时间: 2020-04-13    进入日语论坛
核心提示:安曇野《あずみの》列車が塩尻峠のトンネルを越えると、一気に展望が展《ひら》いた。トンネルと切り通しの単調なくりかえしの中
(单词翻译:双击或拖选)
安曇野《あずみの》

列車が塩尻峠のトンネルを越えると、一気に展望が展《ひら》いた。トンネルと切り通しの単調なくりかえしの中を長い間登りつめて来た旅客は、突然、眼前に展けた錯覚のような展望に歓声をあげる者さえいた。
蒼すぎて暗い空に雪を戴いた中部山岳国立公園の連峰が銀鎖のように流れ、山麓を青霞の平原に薄みどりの夢のように溶かしている。

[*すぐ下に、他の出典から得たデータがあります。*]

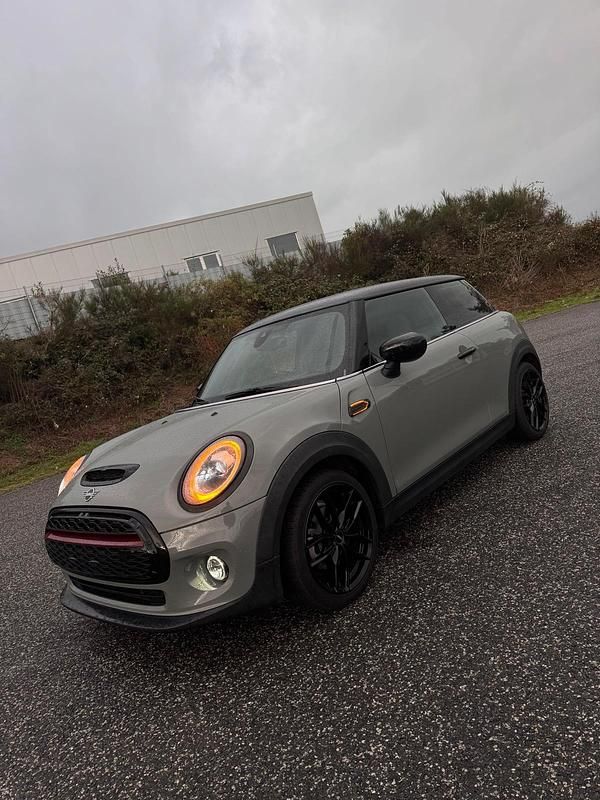 Gebraucht Mini Cooper S 135 kW (184 PS) 2020 Schwarz Kleinwagen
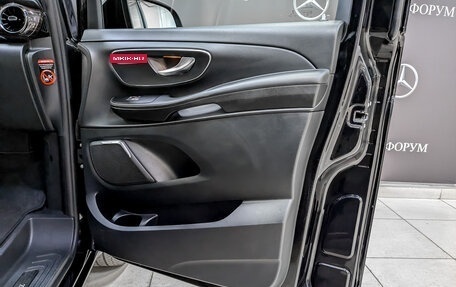 Mercedes-Benz V-Класс, 2020 год, 6 490 000 рублей, 24 фотография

山にさして興味のない者もしばらくは車窓に釘付けにされる展望であった。
彼らの乗る長野行急行『第一信濃』は速力を増して、その平原—『安曇野《あずみの》』へ向かって下り始めていた。
「渋谷、わかるか? あれが穂高、あれが槍だ。ほら、常念のピラミッドも見える」
花岡は一々指呼しながら、渋谷の目をじっと見守った。
「あわわ」
渋谷はおとくいの奇妙な音声を発すると、それでも花岡の指の先に視線をやった。
(思い出してくれるか?)
彼は祈るように渋谷を見た。
発売日まであと数日、一向に回復の萌しを見せない渋谷に半ば、諦めかけた進に、ふと閃めいた考えがあった。
遠い青春の日、渋谷、岩村、花岡の三人で胸を熱くして放浪《さすら》った旧き山々を訪れてみれば、渋谷の喪われた記憶に囁きかける何物かが、よみがえるかもしれない。人間は自分にとって最も楽しい時期を忘れるものではない。一見、忘れたように見えても、心の襞の奥深く郷愁となってしまわれている。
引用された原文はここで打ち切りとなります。